In the history of the Indian judiciary, April 25, 1973 and January 29, 1977 are both considered as crisis moments – when the senior-most judges of the Supreme Court quit following their supersession, in the appointment of the chief justice of India by the then prime minister, Indira Gandhi. On April 25, 1973, Justice A.N. Ray was appointed as CJI by superseding three senior-most judges.

The three judges were part of the majority in the Kesavananda Bharati case, which held only the previous day, that parliament cannot use its amending power to alter the basic structure of the constitution. The three judges – Justices J.M. Shelat, K.S. Hegde and A.N. Grover – resigned following the appointment of Justice A.N. Ray as CJI, after the retirement of the outgoing CJI, S.M. Sikri.

Justice H.R. Khanna. Credit: Supreme Court of India

Justice Ray was considered as a judge who was inclined to decide in favour of the government, as the late T.R. Andhyarujina noted in a perceptive article in the Indian Express titled ‘When the bench buckled’.

On January 29, 1977, Justice H.R. Khanna was superseded by Justice M.H. Beg as CJI, following which he resigned. Justice Khanna was the lone dissenter in A.D.M. Jabalpur v Shivkant Shukla decided by the Supreme Court’s five judge constitution Bench in favour of the government during the Emergency. The majority judges in this case held that fundamental rights could be suspended during the Emergency, and the legality of detention orders, even if mala fide and without authority of law, could not be questioned.

In the recent judgment elevating the right to privacy as a fundamental right, the Supreme Court’s nine-judge constitution bench formally overruled this judgment after 40 years. It was not necessary to do so, as successive benches of the Supreme Court had never considered A.D.M. Jabalpur a binding precedent, and impliedly overruled it.
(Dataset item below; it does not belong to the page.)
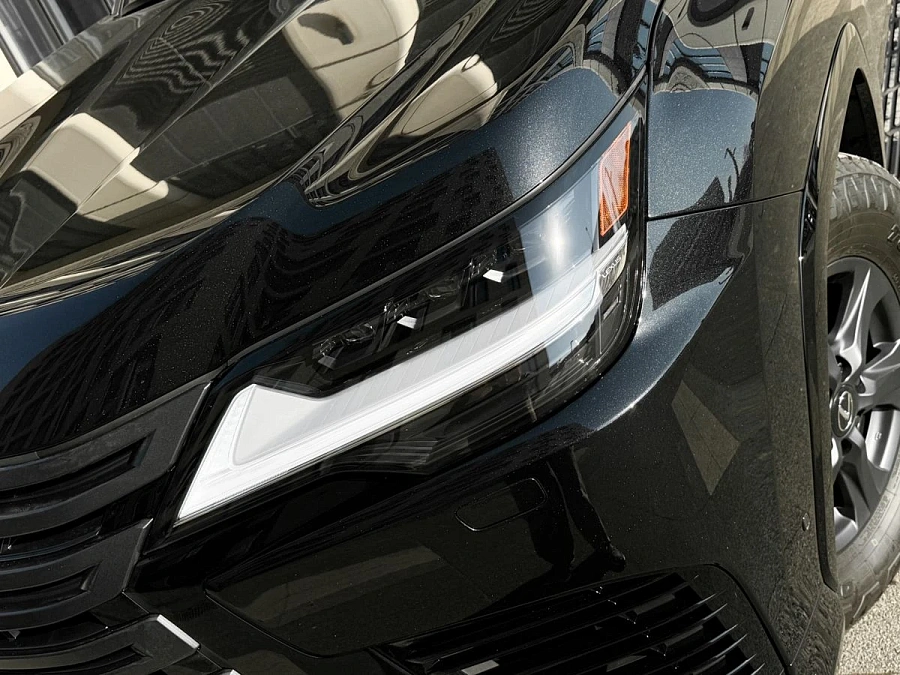 Lexus LX, 2025г., полный привод, автомат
Besides, Article 359 was amended, following the 44th amendment to the constitution, to provide that during the operation of an Emergency, the power of the president to suspend the right to move a court for the enforcement of fundamental rights shall not extend to Articles 20 and 21 – which essentially guarantee the right to life.

By formally revisiting that shameful chapter in its history, and taking symbolic steps to formally erase its memory from its history, the Supreme Court might have felt it has unburdened itself, after 40 years.

While that symbolic gesture was hailed for its significance, one is tempted to ask whether it has had any real influence on the current collegium.

An embarrassing question which may be posed to the collegium is whether by failing to elevate Justice Jayant Patel as the chief justice of the Karnataka high court or as a judge of the Supreme Court, are its members not behaving in the same way as their predecessors did in the infamous A.D.M.Jabalpur case. If the majority judges in that case were guilty of not displaying enough courage to stand up to powerful interests, today’s collegium, despite the ringing assertions of judicial independence made in the intervening years, may prove to be just as pusillanimous in defending that cherished objective as their unillustrious predecessors.